= PROVIDED DATA =
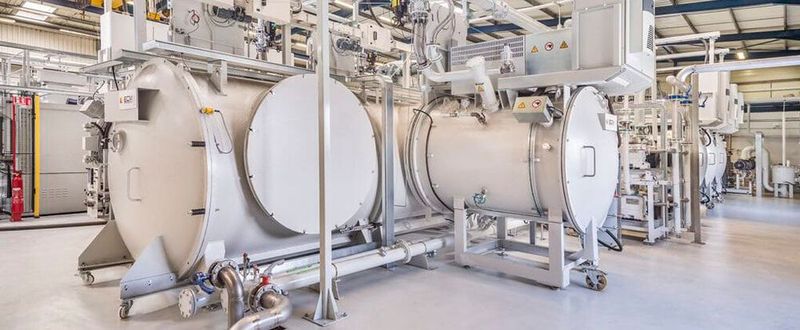 Modularer Mehrkammerofen ICBP Flex von ECM Technologies(Bild:  ECM Technologies)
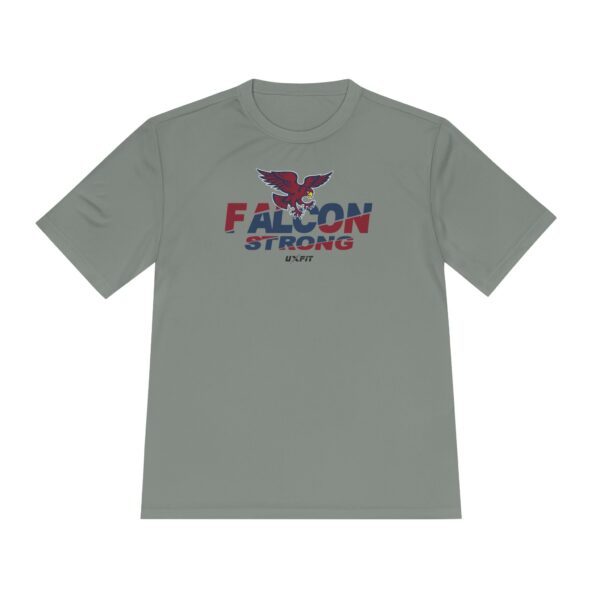 Unisex Moisture Wicking Tee - Falcon Strong - Image 17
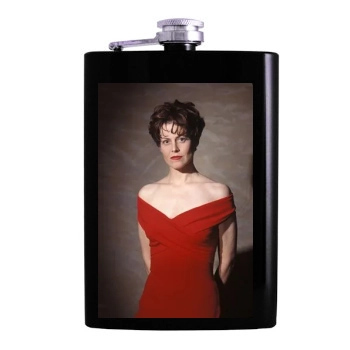 Sigourney Weaver Hip Flask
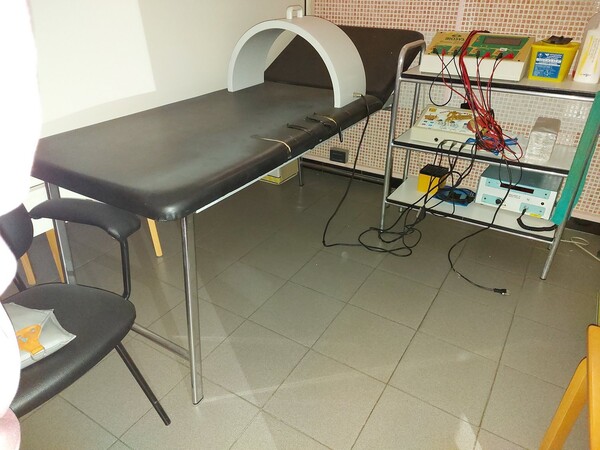2#6073 Attrezzatura per riabilitazione fisioterapiche in vendita - foto 52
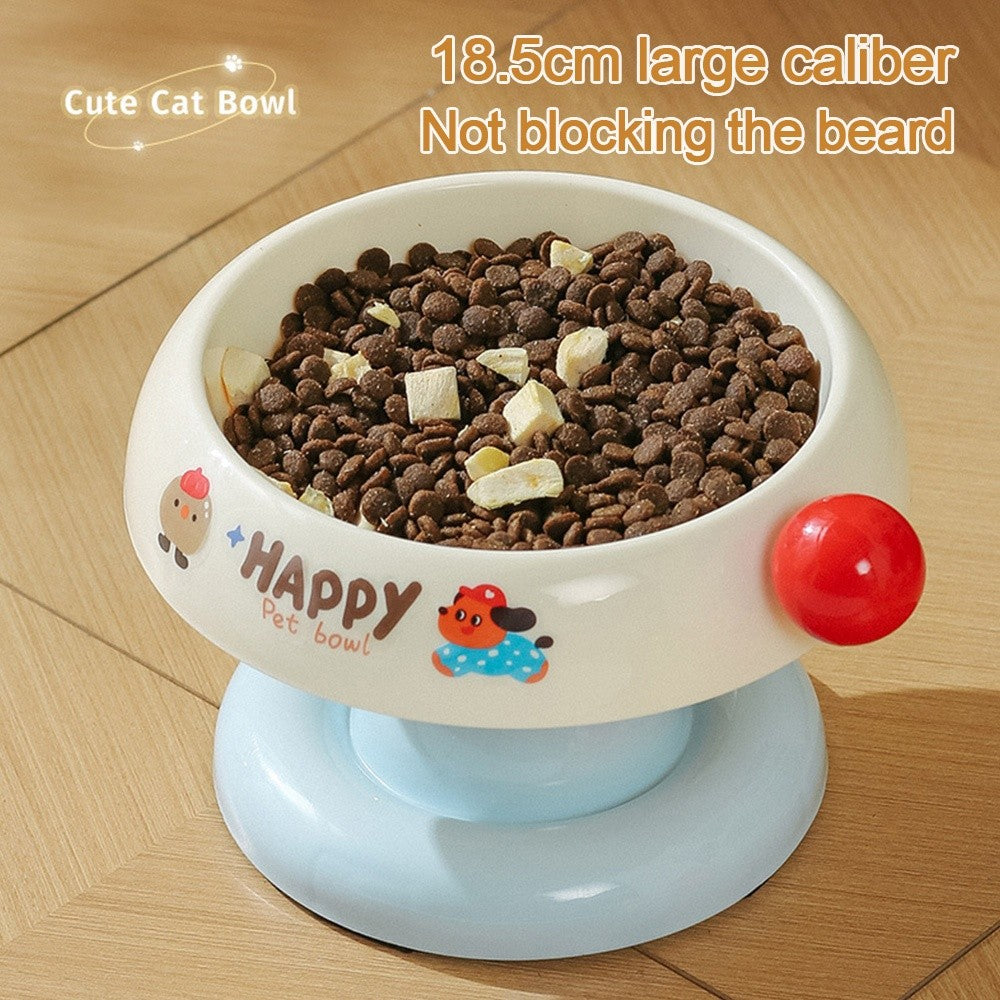 Stainless steel Pet food bowl
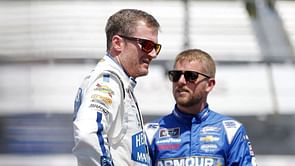 Why Dale Earnhardt Jr.’s key member has “shocked” NASCAR legend with his latest revelation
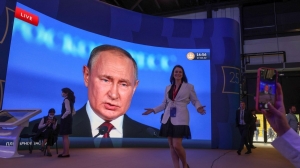 روسیه حضور خبرنگاران «کشورهای غیردوست» در مجمع بین‌المللی اقتصادی را ممنوع کرد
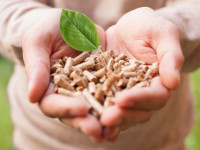 Pellets f&uuml;r die Heizsaison: Umweltfreundlich heizen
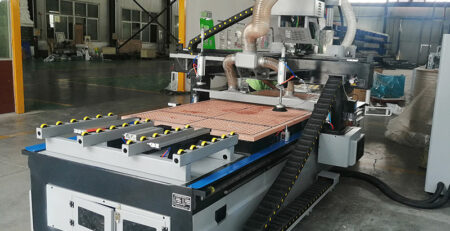 CNC cutting machine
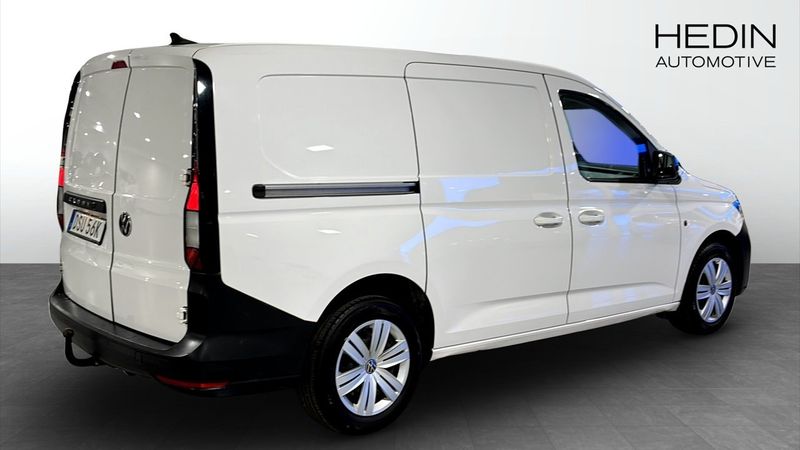 Volkswagen Caddy Maxi bild 2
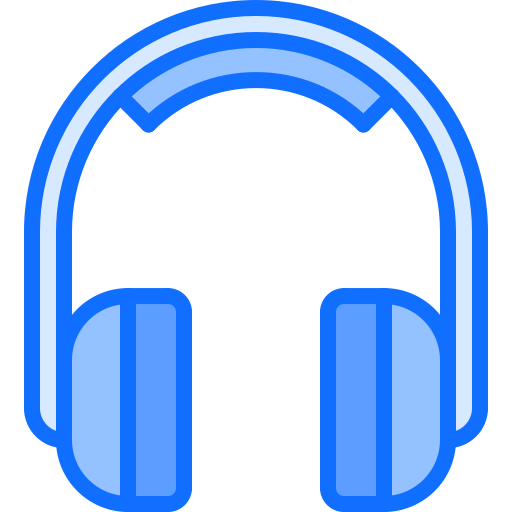 Auriculares icono gratis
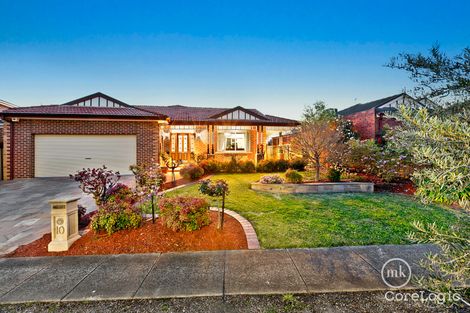 Property photo of 10 Killarney Ridge Greensborough VIC 3088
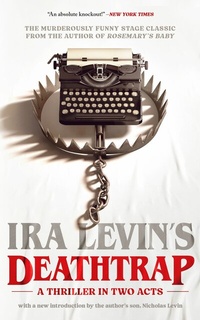 Enlarge image Cover: Deathtrap - Blackstone Publishing
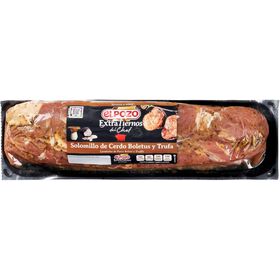 Lombinho De Porco Com Cogumelos E Trufas Elpozo 750 gr (Aprox.)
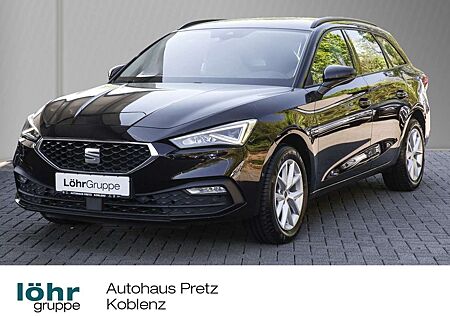 Seat Leon ST 2.0 TDI DSG Style AHK, RFK, Keyless, Navi., ...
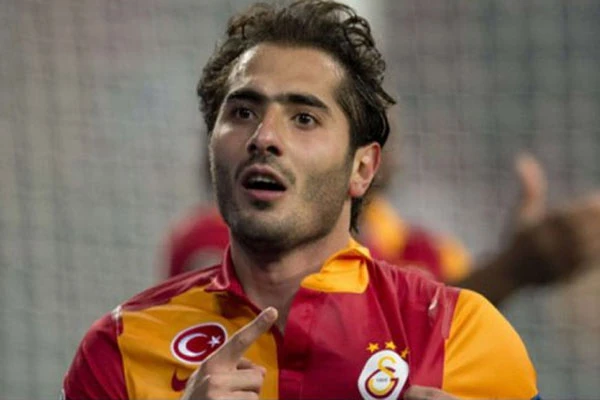 Hamit'ten 'kalmak istiyorum' mesajı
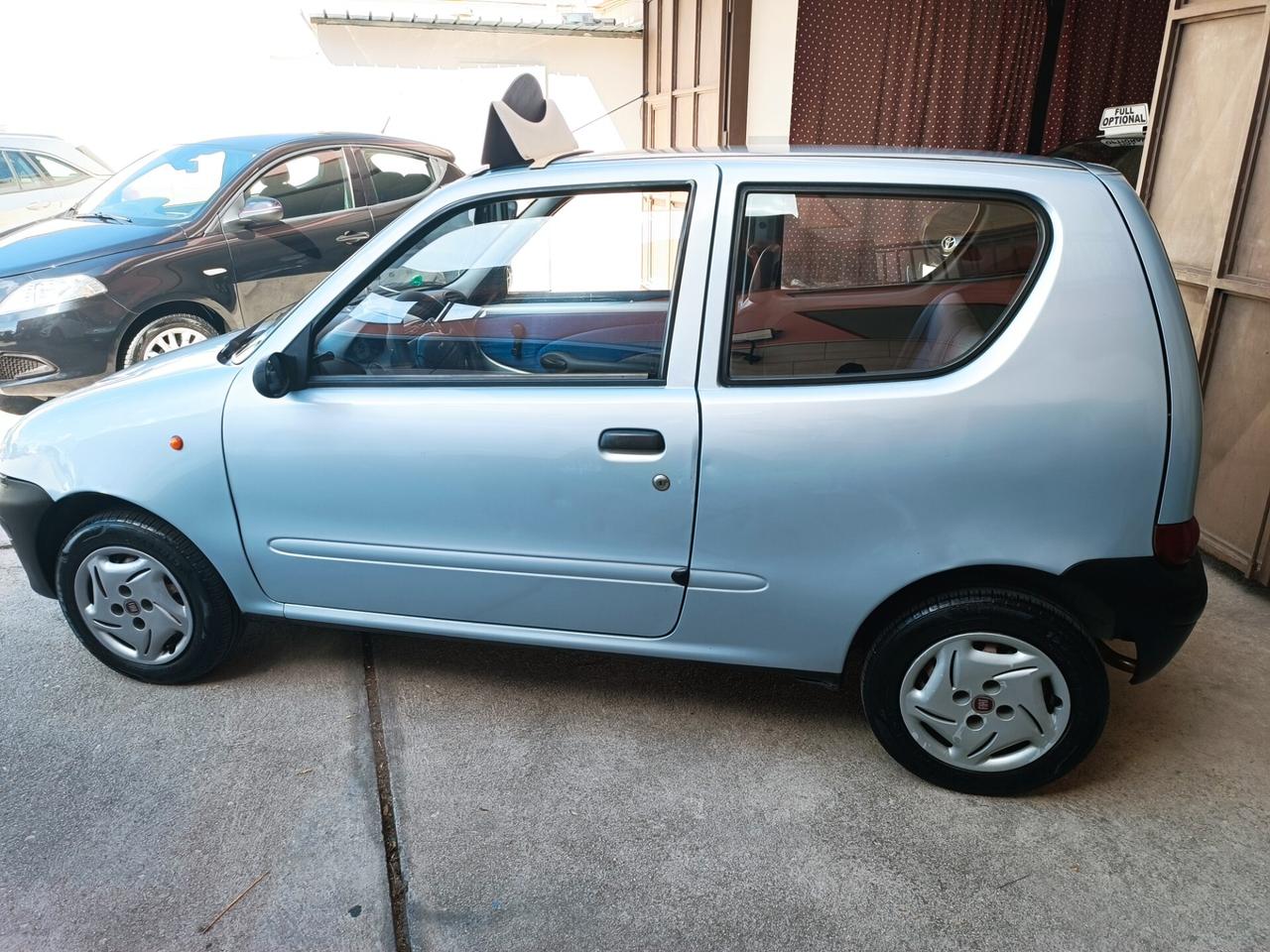 Fiat Seicento Yong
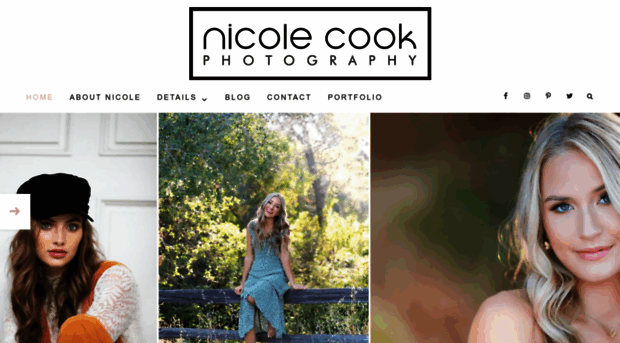 nicolecookphoto.com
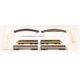 A group of Lima and Hornby OO gauge sets. Included items: Hornby – R.673 – High Sp… - Image 4 of 4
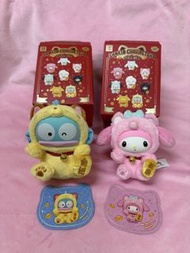 Top Toy ：Sanrio Characters Lucky Cat  招財貓公仔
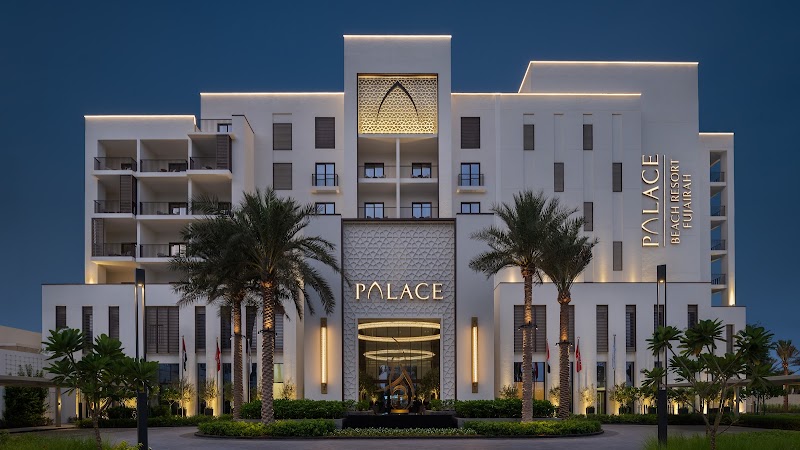 Palace Beach Resort Fujairah in Fujairah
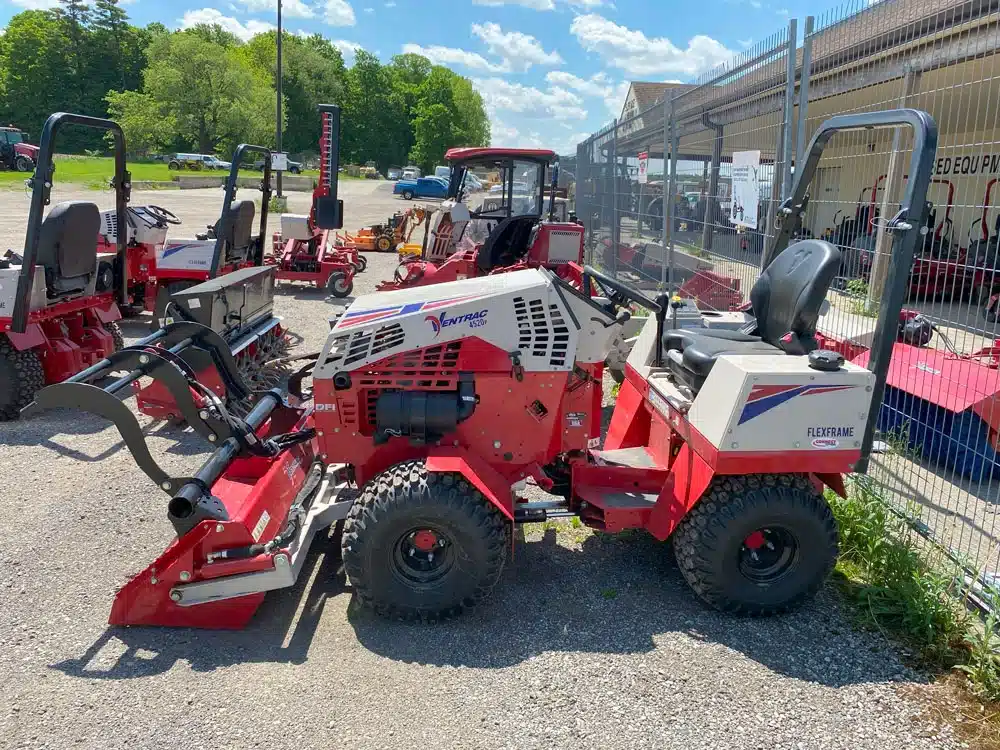 Gallery image 2 for New 2023 Ventrac 4520P Tractor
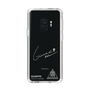 スリムプロテクションケース［ スマートフォンケース<書き下ろしサインver.>ホワイト - GIUSEPPE ］
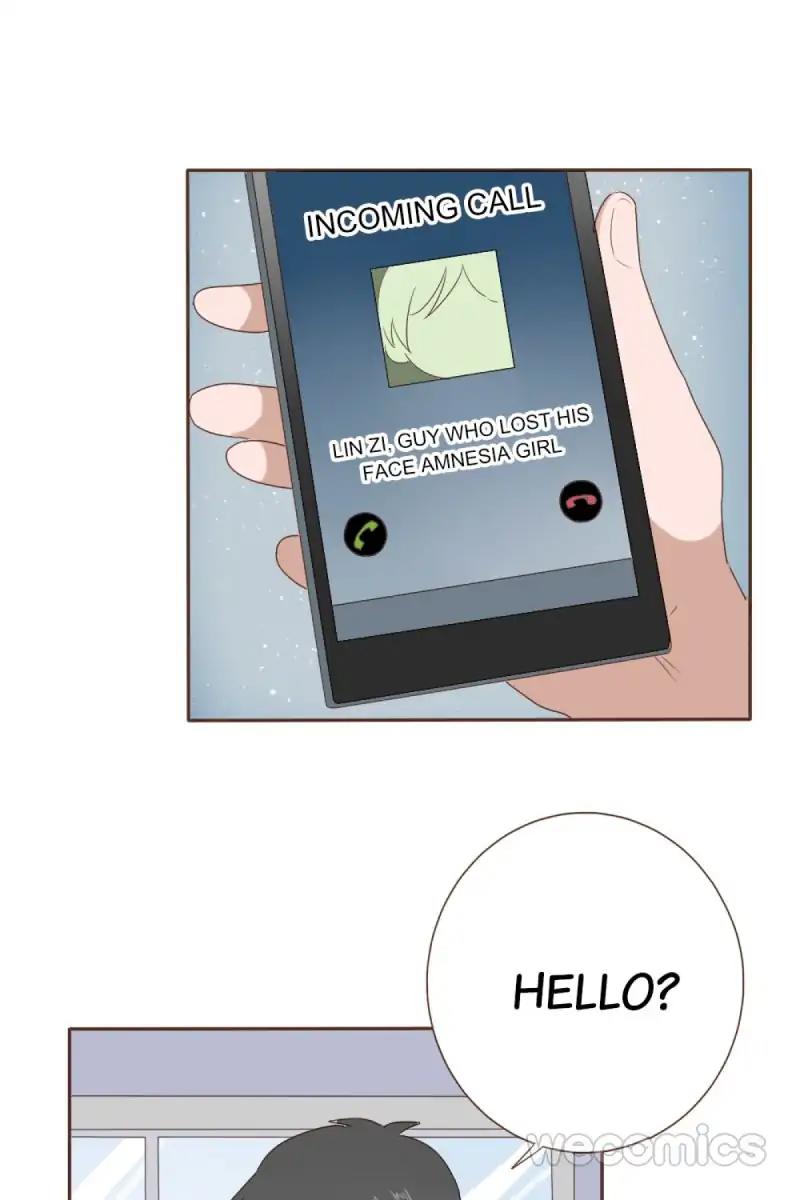 Face Amnesia Girl Chapter 54 - page 43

= EXERCISE INSTRUCTIONS =
Nothing but the lines from the line containing "2#6073 Attrezzatura per" through the last line of the records above should be written out, exactly and without the pictures.

= ANSWER TO THE PROBLEM =
2#6073 Attrezzatura per riabilitazione fisioterapiche in vendita - foto 52
 Stainless steel Pet food bowl
 Why Dale Earnhardt Jr.’s key member has “shocked” NASCAR legend with his latest revelation
 روسیه حضور خبرنگاران «کشورهای غیردوست» در مجمع بین‌المللی اقتصادی را ممنوع کرد
 Pellets f&uuml;r die Heizsaison: Umweltfreundlich heizen
 CNC cutting machine
 Volkswagen Caddy Maxi bild 2
 Auriculares icono gratis
 Property photo of 10 Killarney Ridge Greensborough VIC 3088
 Enlarge image Cover: Deathtrap - Blackstone Publishing
 Lombinho De Porco Com Cogumelos E Trufas Elpozo 750 gr (Aprox.)
 Seat Leon ST 2.0 TDI DSG Style AHK, RFK, Keyless, Navi., ...
 Hamit'ten 'kalmak istiyorum' mesajı
 Fiat Seicento Yong
 nicolecookphoto.com
 A group of Lima and Hornby OO gauge sets. Included items: Hornby – R.673 – High Sp… - Image 4 of 4
 Top Toy ：Sanrio Characters Lucky Cat  招財貓公仔
 Palace Beach Resort Fujairah in Fujairah
 Gallery image 2 for New 2023 Ventrac 4520P Tractor
 スリムプロテクションケース［ スマートフォンケース<書き下ろしサインver.>ホワイト - GIUSEPPE ］
 Face Amnesia Girl Chapter 54 - page 43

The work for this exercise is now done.